Bongani Ndlovu, Chronicle Reporter
A 93-year-old man from Bulawayo’s Makokoba suburb who was found guilty of attempted murder after he used a knobkerrie to attack and broke his tenant’s arm, escaped jail by a whisker after the court exercised leniency due to his advanced age and sentenced him to just two minutes imprisonment.
Thomas Ndiweni who was incensed by his tenant Mr Steven Nyathi (57)’s failure to pay rentals, hit him with a knobkerrie twice on the head and once on the left arm.
Ndiweni was convicted on his own plea by Tredgold magistrate, Mrs Jesse Kufa last week.
He however, through his lawyer Mr Simbarashe Innocent Madzivire from Tanaka Law Chambers pleaded with the court to be lenient given that he was a first offender and that he was old.
Mr Madzivire said Ndiweni was of Nguni origin and did not carry the knobkerrie to beat Nyathi but it was part of his culture.
Mrs Kufa said throwing Ndiweni in jail was like sentencing him to death due to his advanced age.
“The accused pleaded guilty and looks an elderly person beyond the mark of 90 years. He is however, facing a serious offence, which warrants a custodial sentence but given his advanced age the court submits that such a sentence will not meet the justice of the case.
One needs to pass a sentence that suits the accused and the offence he is facing,” she said. Mrs Kufa said sending Ndiweni to prison was tantamount to imposing a death sentence. She said the accused was not just old but also frail.
She ruled that Ndiweni would serve his sentence from the moment she finished announcing the sentence and the time the court rises which is a sentence whereby the Judge/Magistrate deems that attendance at court is sufficient punishment.
“There is need to take into account his strong mitigatory factors. This court will take guidance for the sentencing approach adopted in the case of State Vs Dolphin Matsumbane who was facing a murder case, High Court of 2022.
The presiding judge in the case Justice Mawanza noted that recourse should be mindful to Section 336 of the Criminal Procedure and Evidence Act that a fine is appropriate sentence that will meet justice of the case,” she said.
Mrs Kufa said it was improper to either impose a wholly suspended sentence or to postpone the passing of the sentence. She said the other options like community service were clearly unsuitable for the offence.
“The court submits that the same applies in this case. This court also submits that a non-custodial sentence is in order.
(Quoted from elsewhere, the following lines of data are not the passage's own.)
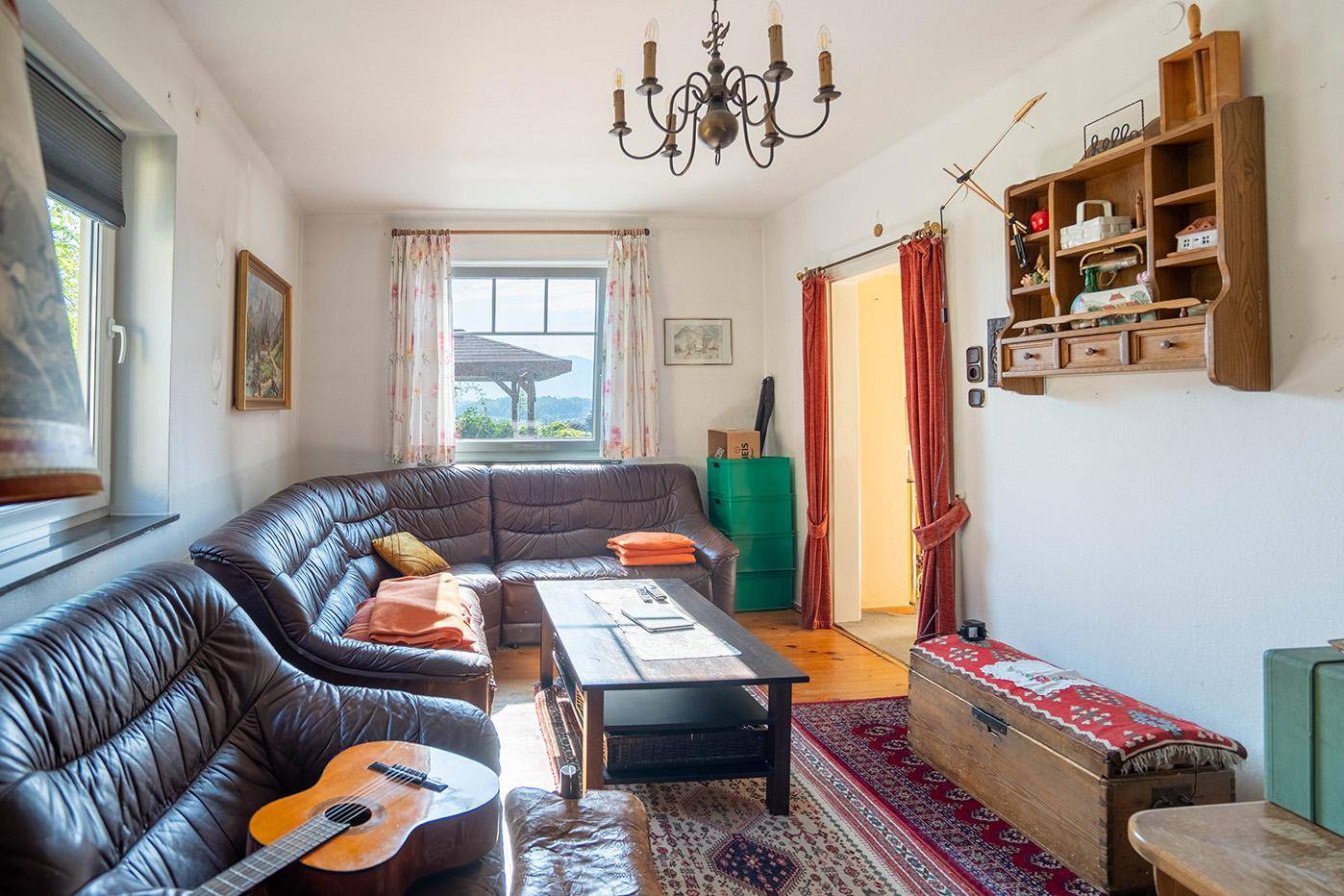 Rustikales Wohnzimmer mit bequemer Ledercouch, Holzboden und traditionellen Dekorationselementen.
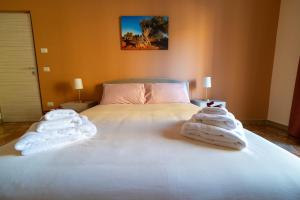 Postelja oz. postelje v sobi nastanitve Apulia Concept B&B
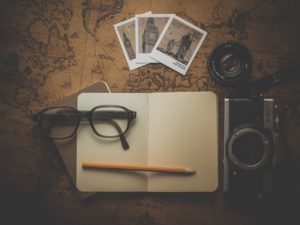 A toned picture with a planner, pencil, photographs, spectacles and a camera placed on a laid out map indicating planning a journey.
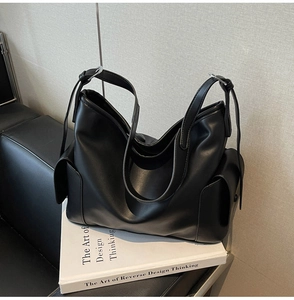 Close-up of black PU leather tote bag featuring side pockets and dual handles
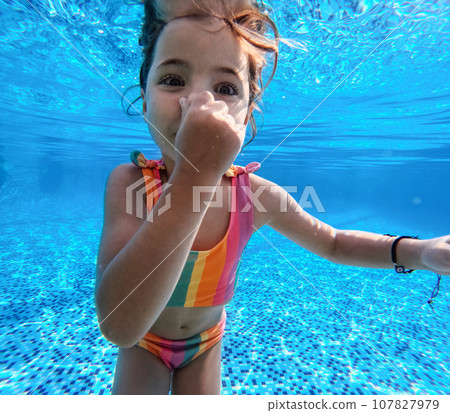 Girl diving underwater in the pool during summer vacation, playing in the water. Winter or summer seaside holiday. Underwater photography. Girl diving underwater in the pool during summer vacation, playing in the water. Winter or summer seaside holiday. Underwater photography. 107827979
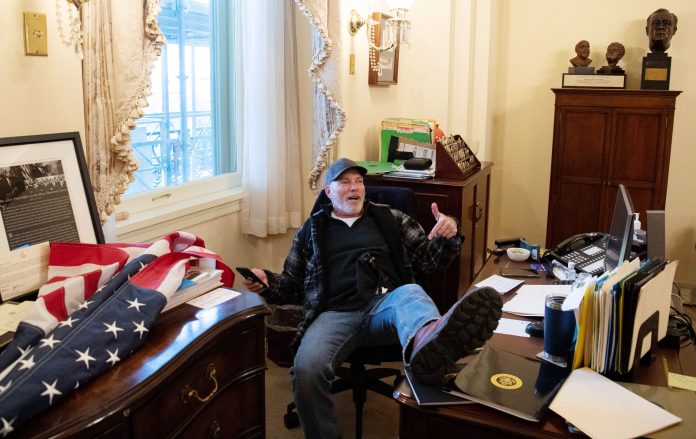 Man photographed with foot on Pelosi's desk during U.S. Capitol riot arrested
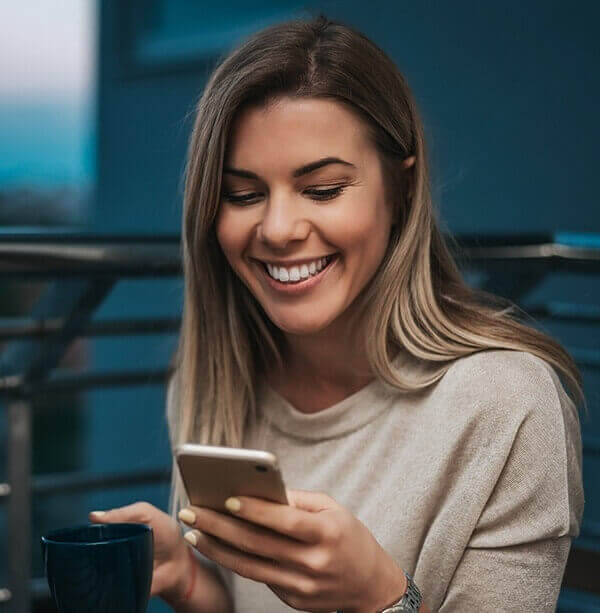 Young woman smiling at her phone while holding coffee mug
The sentence, which is deemed to be appropriate in the circumstances is on the basis of 336, 1b of the Criminal Procedure and Evidence Act, accordingly the accused is sentenced as follows: to remain in custody until the rising of the court,” said Magistrate Kufa as the court rose about two minutes later.
When the news crew visited Ndiweni’s house in Makokoba yesterday, it found Mr Nyathi who was still nursing his injury.
He said as a result of the beating he could not fend for himself as he is a push cart operator.
“This man has injured me so much that I cannot do anything for myself. I want this man to help me. I have a young son and I don’t know how I will be able to support him,” said Mr Nyathi.
“I’m self-employed and I haven’t done anything ever since the incident. My left arm was in a plaster.”
He said if Ndiweni, who was said to be out of town, had a problem with him, he should have reported him to the police instead of attacking him.